Health experts recommend increasing physical activity in middle-aged adults by tailoring messages to individual preferences and characteristics. Involving participants in the design and evaluation of interventions fosters a sense of ownership, while building social networks and community support systems can enhance engagement and participation in physical activity. In addition, it is important to recognize that barriers such as low self-efficacy and environmental constraints can hinder participation. Addressing these barriers through supportive policies and improvements in community infrastructure is therefore essential for fostering a more active lifestyle among middle-aged adults.
Limitations
The current study has several limitations. As a cross-sectional study, it does not allow for causal relationships, and the reliance on self-reported data may introduce the potential for recall and social desirability biases. This study was carried out among middle-aged individuals attending healthcare centers, which may reduce the generalizability of findings to other populations and groups of middle-aged adults. Additionally, the focus on a specific cultural and geographic context may limit the generalizability of the results to broader settings.

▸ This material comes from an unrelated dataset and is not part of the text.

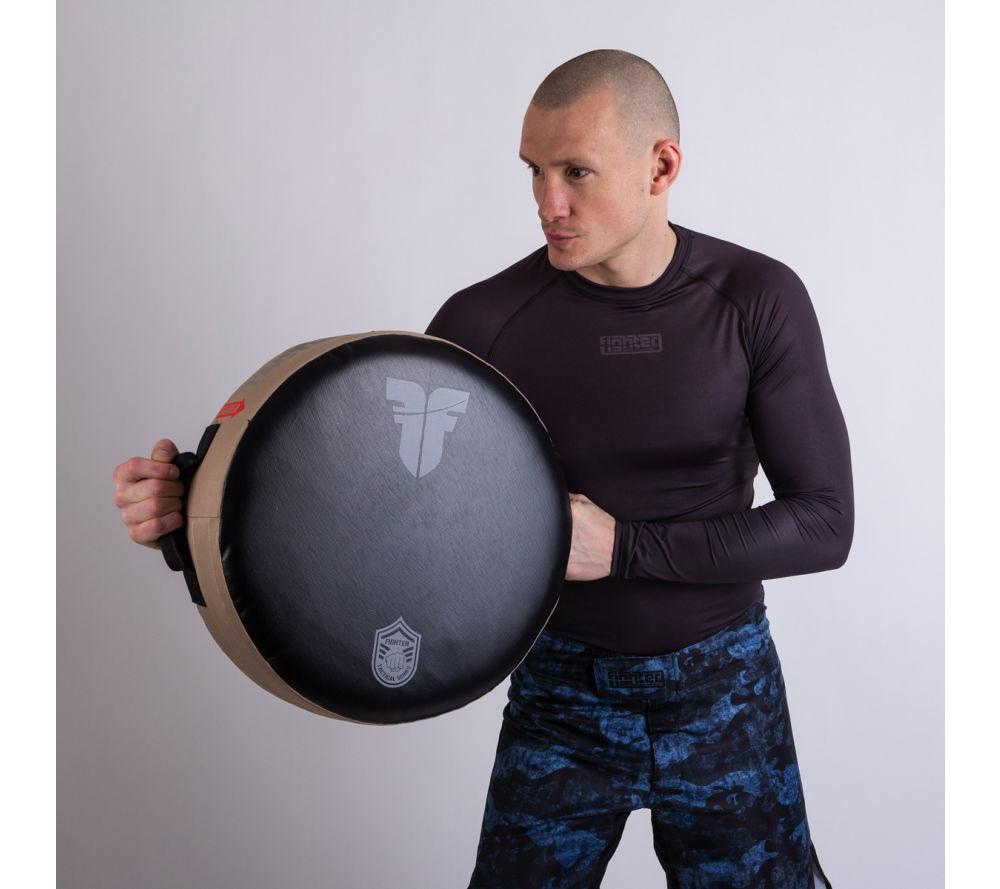 Fighter Round Shield - TACTICAL SERIES - Green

Future research should employ longitudinal approaches and include a broader range of cultural and socioeconomic variables to better understand the complexities of happiness among middle-aged males and females.
Conclusion
The findings of this study indicate that increasing physical activity can significantly improve happiness among middle-aged males and females. It also suggests that quitting smoking among female smokers and choosing healthy nutrition patterns may increase happiness. In addition, special attention should also be given to middle-aged people with chronic diseases and those with a low wealth index to maintain optimal happiness levels.
Acknowledgements
The authors gratefully acknowledge the financial support of the Students’ Research Committee (Project No.158) of Neyshabur University of Medical Sciences and all participants who contributed to this study.
Competing Interests
The authors declare no conflict of interests with any individuals or organizations.
Ethical Approval
Ethical approval for the study protocol was obtained from the Ethics Committee of Neyshabur University of Medical Sciences (Ethics code: IR.NUMS.REC.1402.008).
Funding
This study was financially supported by the Neyshabur University of Medical Sciences (Students Research Committee, Project No.158).